To recap: Congress passed the NDAA on January 1, 2021, overriding a presidential veto. The act includes several changes to BSA/AML laws, including the provisions of the CTA, which requires FinCEN to create a nationwide database for beneficial ownership information of corporations, LLCs, and “other similar entities”. Whereas credit unions and other financial institutions are currently required to obtain beneficial ownership information from those entities at account opening, the CTA would transfer that data-collection responsibility to FinCEN. While the CTA also instructs FinCEN to amend the beneficial ownership regulations that apply to financial institutions before January 1, 2022, the ANPRM states those changes will be made in a separate rulemaking which will also have its own notice and comment period. For now, the current Customer Due Diligence and beneficial ownership requirements remain in effect.

The ANPRM begins by providing a discussion of the reasons a FinCEN database is needed. In the ANPRM, FinCEN discusses how malign actors can use the current system to conceal their ownership in corporations, LLCs, or similar entities, in furtherance of committing financial crimes such as money laundering, terrorist financing, human trafficking, and fraud. The ANPRM notes how some bad actors may layer the ownership of corporations – with several layers of corporations owning each other – as a way to conceal the interests of the true owner. Additionally, the ANPRM quotes the Federal Bureau of Investigation (FBI) as stating that the layering of ownership causes investigations to be “exponentially more difficult and laborious” – when law enforcement is able to obtain the ownership information for a suspect corporation, they often find it is owned by another corporation and need to begin the process of obtaining ownership information all over again. The CTA and the FinCEN database it will create aims to make ownership information more accessible to law enforcement, thereby reducing the usefulness of shell corporations to bad actors in the financial system.

The rest of the ANPRM seeks comments on a large range of questions relating to the CTA and FinCEN database. The first questions cover the scope of the database, asking which entities should be considered “other similar entities” and subject to collection of beneficial ownership information, as well as questions regarding how “beneficial ownership” should be defined and whether the terms “ownership” and “control” need their own specific definitions. A number of questions are aimed specifically at financial institutions, including questions regarding how the database can be most useful to financial institutions – such as whether the information obtained should be made available to financial institutions for compliance with Customer Identification Program (CIP) requirements, and how or when FinCEN should contact a financial institution if the beneficial ownership information of one its customers has changed. 
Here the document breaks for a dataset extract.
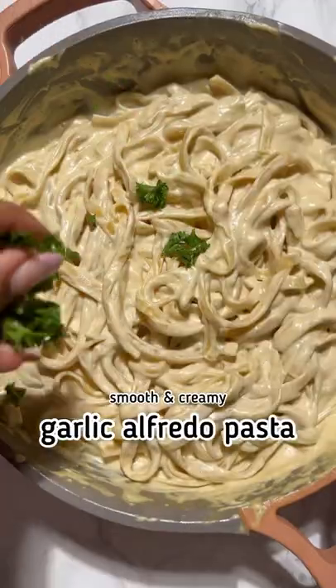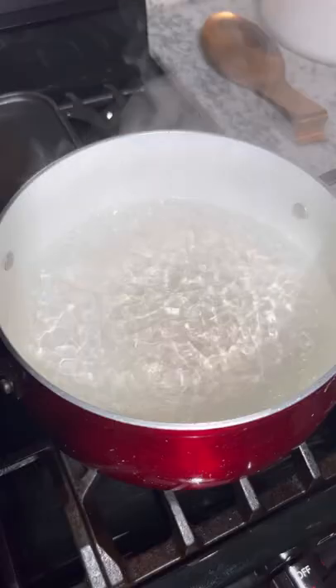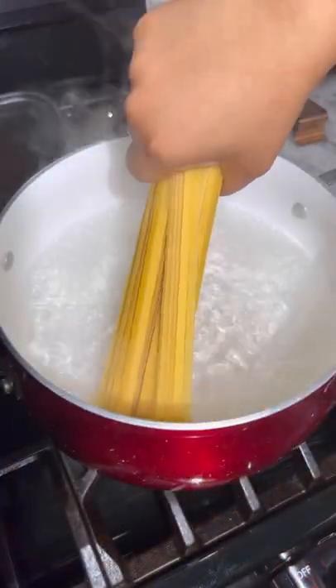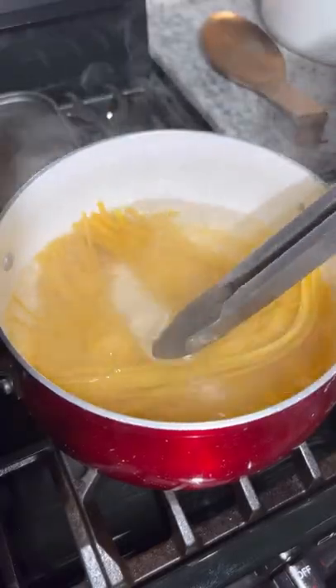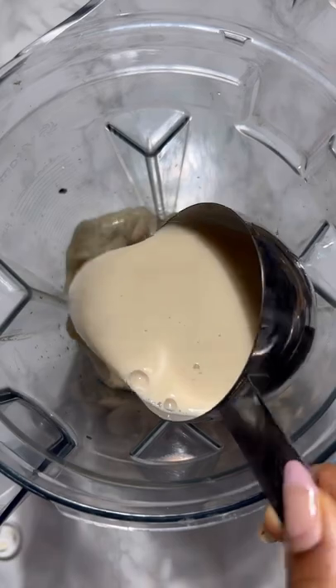Welcome to the garlic alfredo pasta of your dreams — it has been labeled literal perfection by one of 55 five-star reviews. First we start by breaking our pasta — no, I'm kidding, we're not breaking any pasta! Let your pasta boil; I will make this incredible dairy-free alfredo sauce that so many readers have said tastes just like the classic. I'm a garlic girl, so this has to have roasted garlic in there.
NAFCU’s Regulatory Affairs team has published Regulatory Alert (NAFCU members only) that discusses this ANPRM in more depth. Additionally, NAFCU plans to submit comments on behalf of our member credit unions. NAFCU members may submit their comments and feedback here by April 20th, 2021. 

NAFCU will continue to monitor the implementation of the CTA and other provisions of the NDAA and will continue to blog about developments as they occur.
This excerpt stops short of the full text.